What you give back from the listing below should be an exact copy of the lines from the one with "Olivier Grinda in" down to the one with "Restaurant Botanico Cocktail", and it should contain no pictures.

*Available data*.
● ● ●

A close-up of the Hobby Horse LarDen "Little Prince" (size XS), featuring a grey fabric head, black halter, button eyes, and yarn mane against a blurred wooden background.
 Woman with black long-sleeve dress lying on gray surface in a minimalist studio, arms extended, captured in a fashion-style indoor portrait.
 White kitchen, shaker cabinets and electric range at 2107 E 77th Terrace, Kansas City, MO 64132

● ● ●

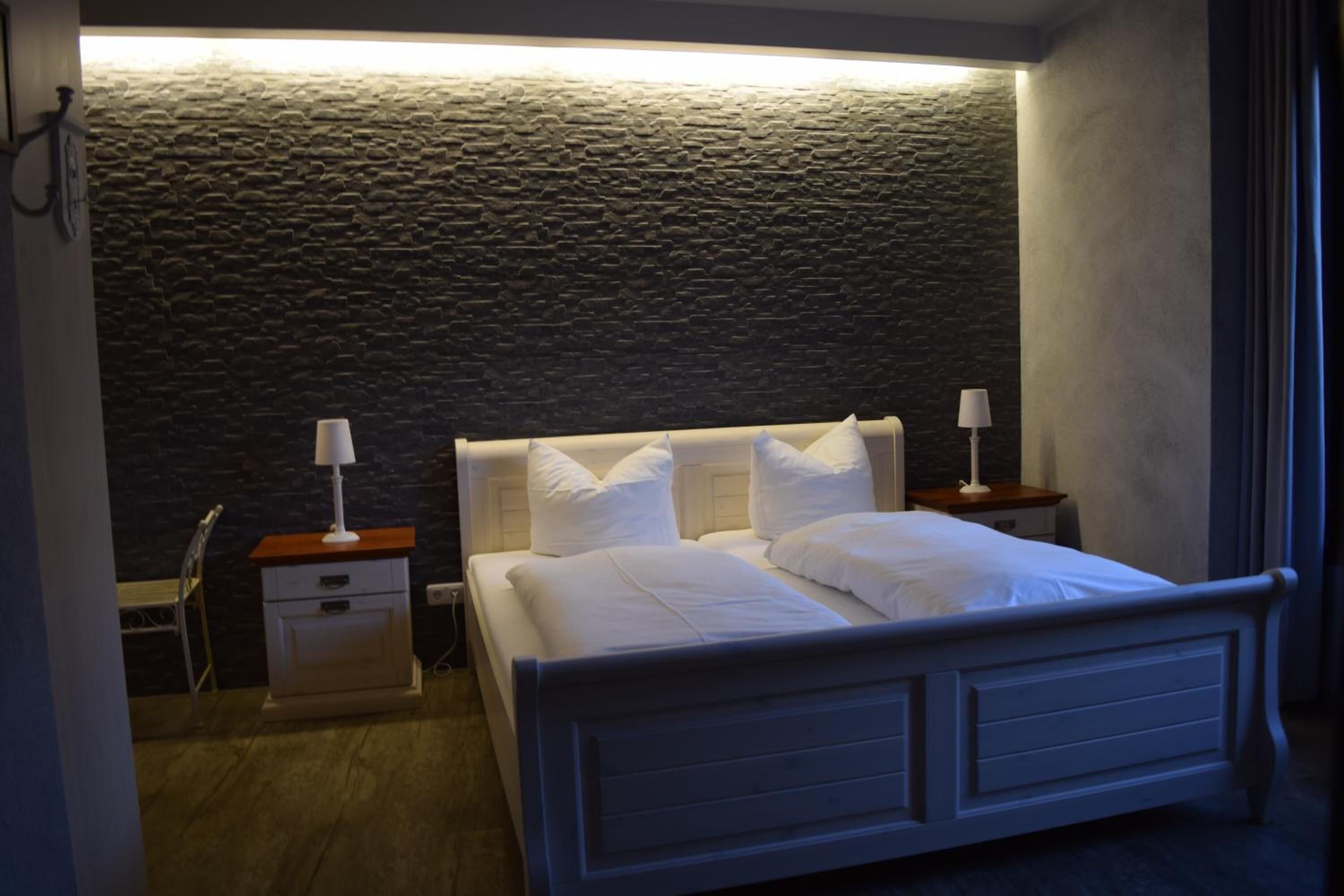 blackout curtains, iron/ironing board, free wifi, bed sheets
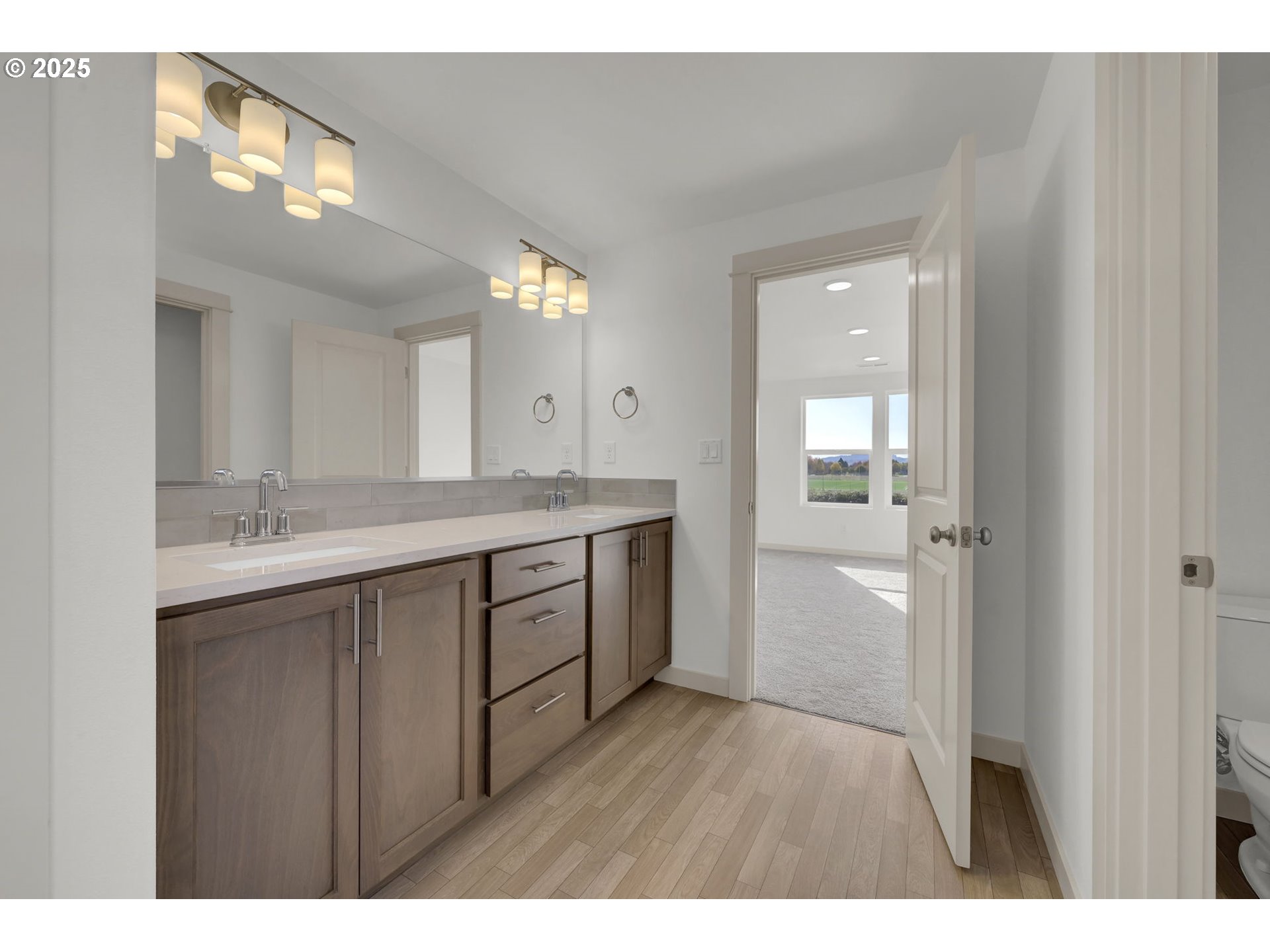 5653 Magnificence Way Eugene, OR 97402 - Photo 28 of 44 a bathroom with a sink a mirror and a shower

● ● ●

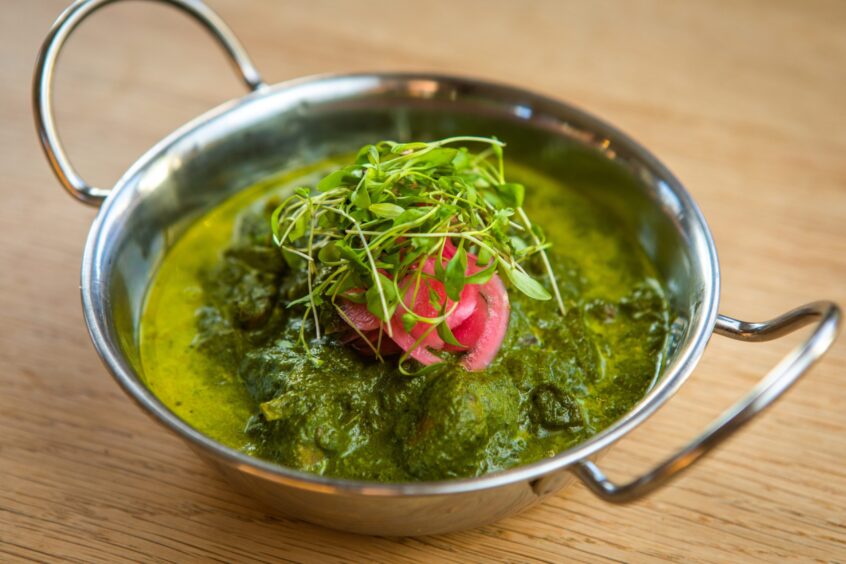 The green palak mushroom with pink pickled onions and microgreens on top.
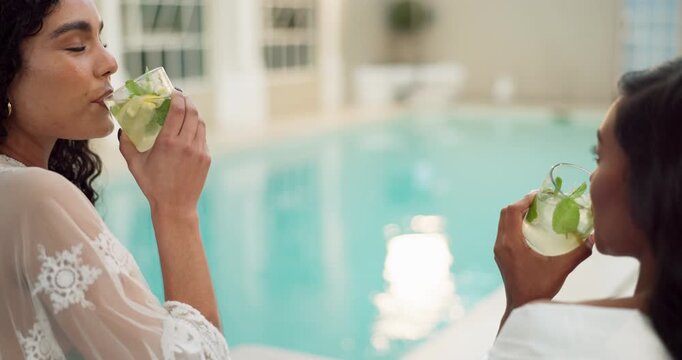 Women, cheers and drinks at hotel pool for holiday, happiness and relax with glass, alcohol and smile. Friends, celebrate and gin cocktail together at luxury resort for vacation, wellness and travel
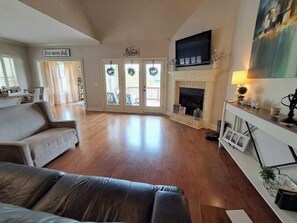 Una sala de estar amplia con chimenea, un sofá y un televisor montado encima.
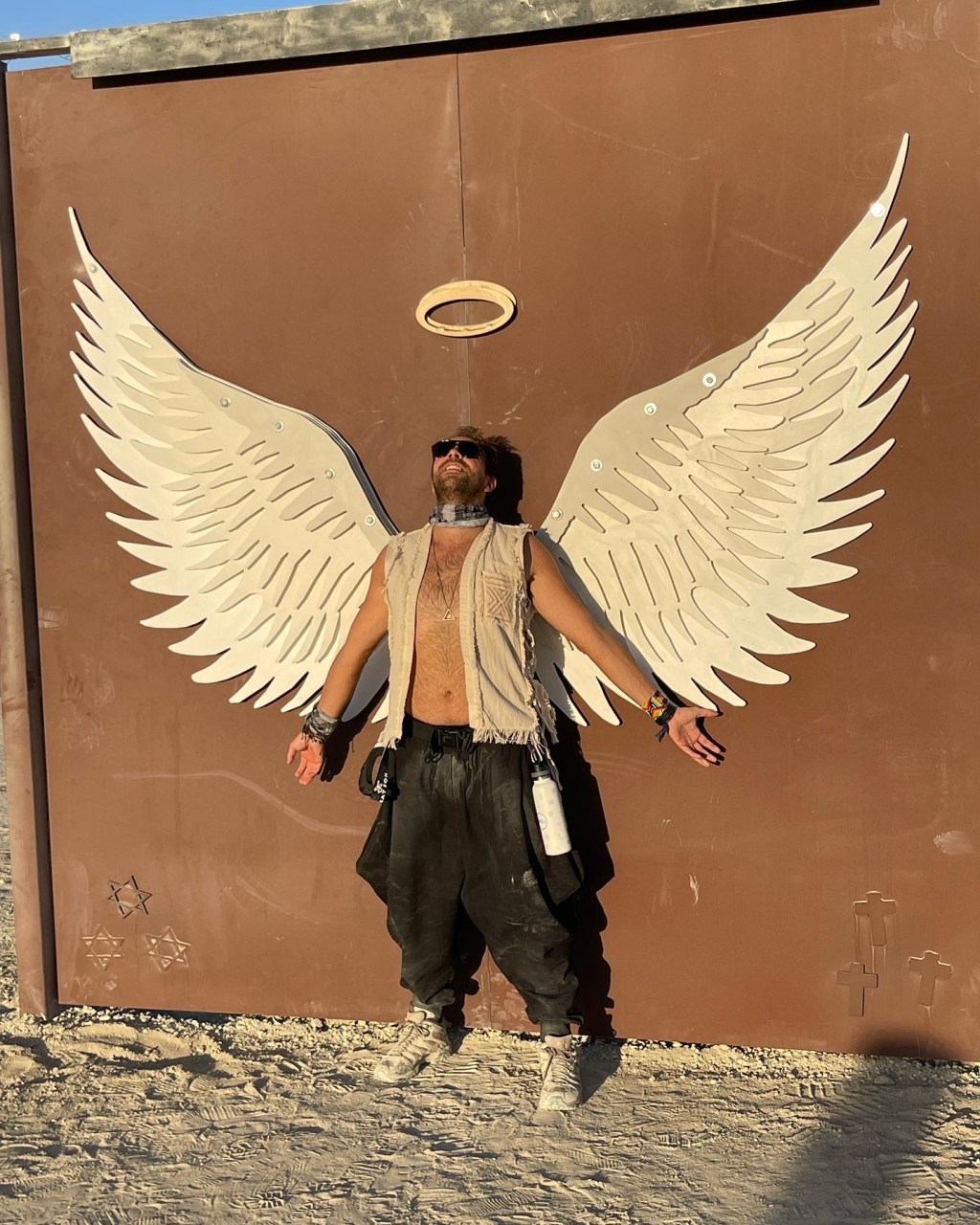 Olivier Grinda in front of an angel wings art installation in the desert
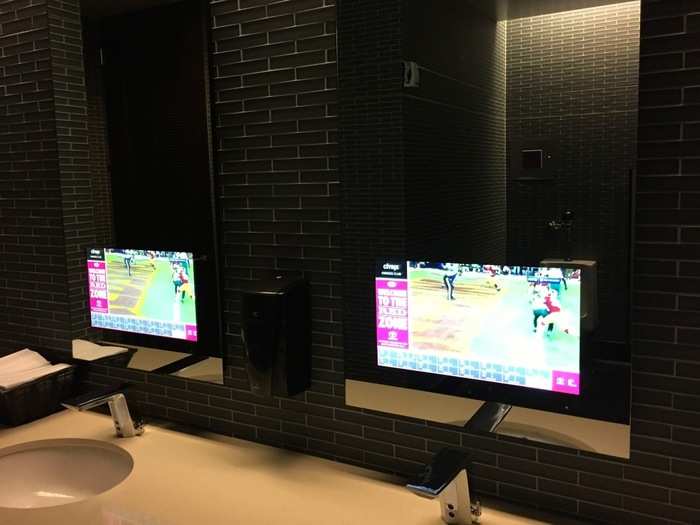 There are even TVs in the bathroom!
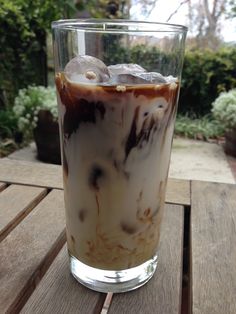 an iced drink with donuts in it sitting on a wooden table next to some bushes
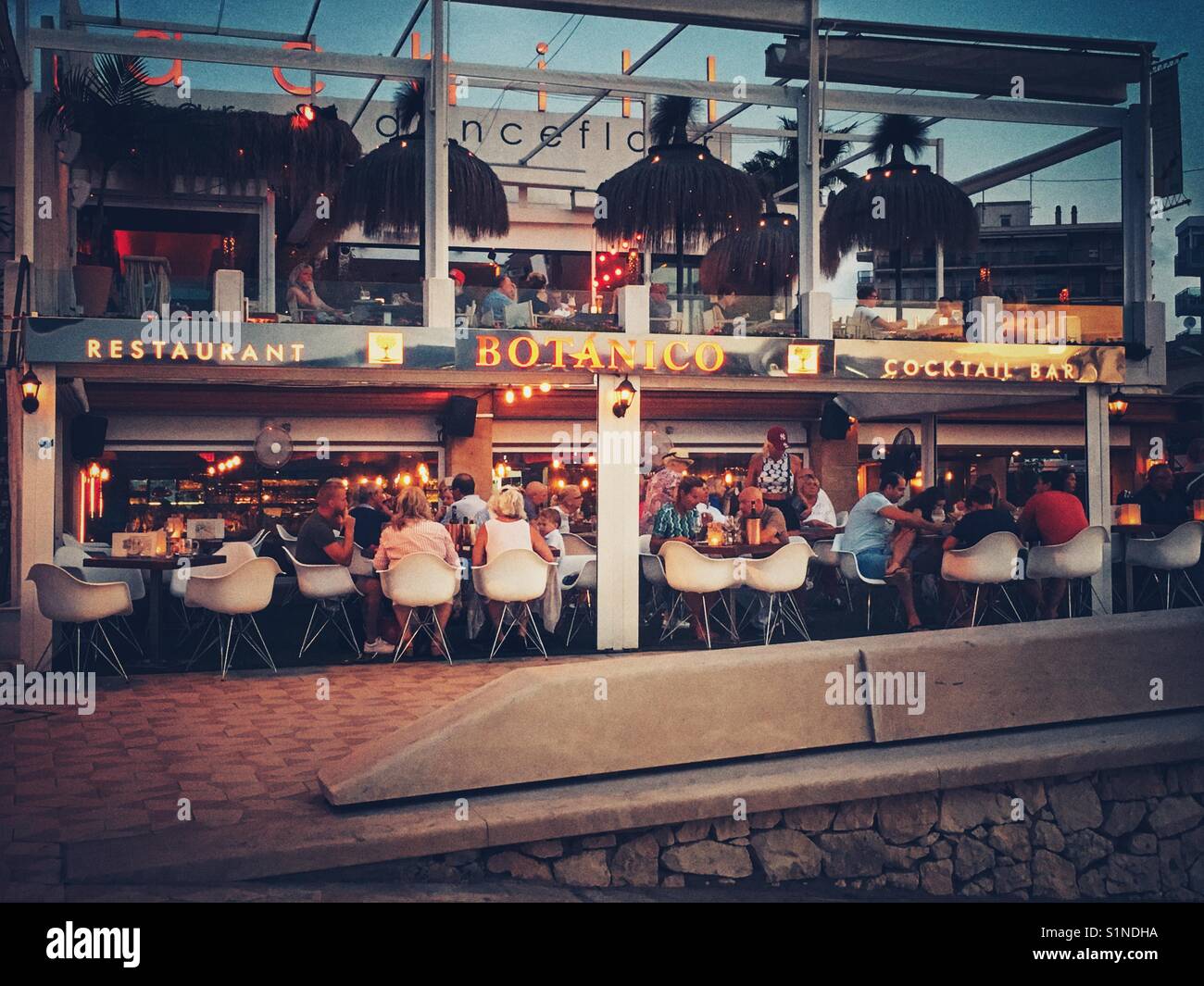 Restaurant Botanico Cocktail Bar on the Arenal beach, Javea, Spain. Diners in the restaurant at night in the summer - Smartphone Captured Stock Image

● ● ●

*Reply*.
 Olivier Grinda in front of an angel wings art installation in the desert
 There are even TVs in the bathroom!
 an iced drink with donuts in it sitting on a wooden table next to some bushes
 Restaurant Botanico Cocktail Bar on the Arenal beach, Javea, Spain. Diners in the restaurant at night in the summer - Smartphone Captured Stock Image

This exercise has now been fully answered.